Dec 19, 2013

The Hunted and the Hated: An Inside Look at the NYPD's Stop-and-Frisk Policy



"When I was a child, I spake as a child, I understood as a child, I thought as a child: but when I became a man, I put away childish things"


Let's blow one common myth away: The police do not have the duty to protect & serve any of us. I think many people have caught on to this, actually. Well, at least the people who bother to get their news from sources outside of the controlled, myth-making outlets. And indubitably, the Black & brown folks who have been shedding light on police corruption & brutality for decades. Thanks to modern technology, their complaints/critiques have turned out to be true. The young man at the start of this clip was smart enough to record the daily torments at the hands of New York's finest! Hundreds every year are killed by the police, and the majority of them are unarmed, not involved in any criminal activity when they were killed.& the majority of them were young, and either black or Latino. The mass media does its job perfectly in molding the mindsets of many. Too often I hear folks say that the people who have been stopped and frisked and are being gunned down are somehow criminals or connected in some way to illegal activity.
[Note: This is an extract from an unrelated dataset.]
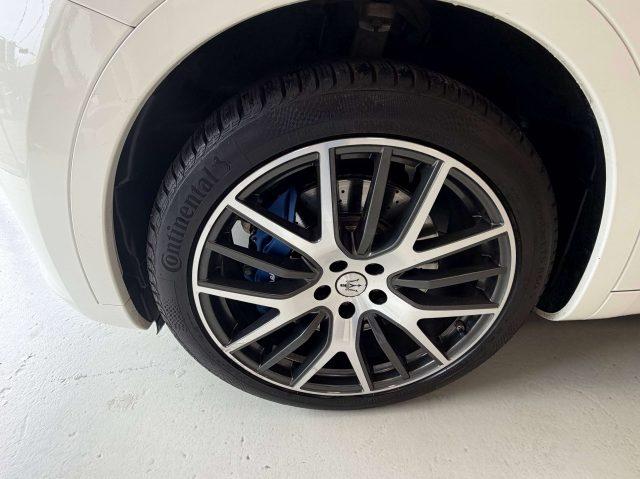 MASERATI Levante Levante 2.0 mhev GT 330cv auto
Here are some more myth-busters compiled by the New York Civil Liberties Union:


Myth #1: Stop-and-Frisk reduces crime and keeps people safer.
“[Stop-and-Frisk] is a program that is effective… you used to not be able to walk down the streets of this city safely and today you can walk every neighborhood during the day and most neighborhoods at night. .” – Ray Kelly
FACT: No research has ever proven the effectiveness of New York City’s stop-and-frisk regime, and the small number of arrests, summonses, and guns recovered demonstrates that the practice is ineffective. Crime data also do not support the claim that New York City is safer because of the practice. While violent crimes fell 29 percent in New York City from 2001 to 2010, other large cities experienced larger violent crime declines without relying on stop and frisk abuses: 59 percent in Los Angeles, 56 percent in New Orleans, 49 percent in Dallas, and 37 percent in Baltimore.
Stop-and-Frisk abuses corrode trust between the police and communities, which makes everyone less safe. Don’t believe us? Then listen to NYPD Commissioner Ray Kelly in 2000: “[A] large reservoir of good will was under construction when I left the Police Department in 1994. It was called community policing. But it was quickly abandoned for tough-sounding rhetoric and dubious stop-and-frisk tactics that sowed new seeds of community mistrust.”
Myth #2: Mayor Bloomberg’s stop-and-frisk policies cut the number of murders in half.
“Over the past 10 years, there were 5,430 murders in New York City, compared with 11,058 in the decade before Mayor Bloomberg took office. That’s a remarkable achievement — 5,628 lives saved — attributable to proactive policing strategies that included stops.” – NYPD Spokesperson Paul Browne
FACT: The murder drop happened before Bloomberg took office and before the explosion in stop-and-frisk. The year before the mayor took office there were 649 murders in New York City. In 2011, there were 526 murders. This 19 percent drop is important, but to suggest that murders were cut in half because of stop-and-frisk is simply wrong.
Further, stop-and-frisk has not reduced the number of people who fall victim to shootings. In 2002, there were 1,892 victims of gunfire and 97,296 stops. In 2011, there were still 1,821 victims of gunfire but a record 685,724 stops.
Myth #3: Stop-and-Frisk gets guns off the street and, therefore, prevents murders.
“There’s no denying that stops take guns off the street and save lives.” –Ray Kelly
FACT: Guns are found in less than 0.2 percent of stops. That is an unbelievably poor yield rate for such an intrusive, wasteful and humiliating police action. Yet, stop-and-frisk has increased more than 600 percent under Bloomberg and Kelly. And the rate of finding guns is worsening as the NYPD stops more innocent people each year.
Myth #4: Stop-and-Frisk is not discriminatory.
“ [B]lacks made up 53 percent of the stop subjects and were 66 percent of the violent crime suspects in 2011... For Hispanics, 34 percent were stop subjects and 26 percent were violent crime suspects.” – NYPD Spokesperson Paul Browne
FACT: Comparing police stops to violent crime suspects is bad math. Only 11 percent of stops in 2011 were based on a description of a violent crime suspect. On the other hand, from 2002 to 2011, black and Latino residents made up close to 90 percent of people stopped, and about 88 percent of stops – more than 3.8 million – were of innocent New Yorkers. Even in neighborhoods that are predominantly white, black and Latino New Yorkers face the disproportionate brunt. For example, in 2011, Black and Latino New Yorkers made up 24 percent of the population in Park Slope, but 79 percent of stops. This, on its face, is discriminatory.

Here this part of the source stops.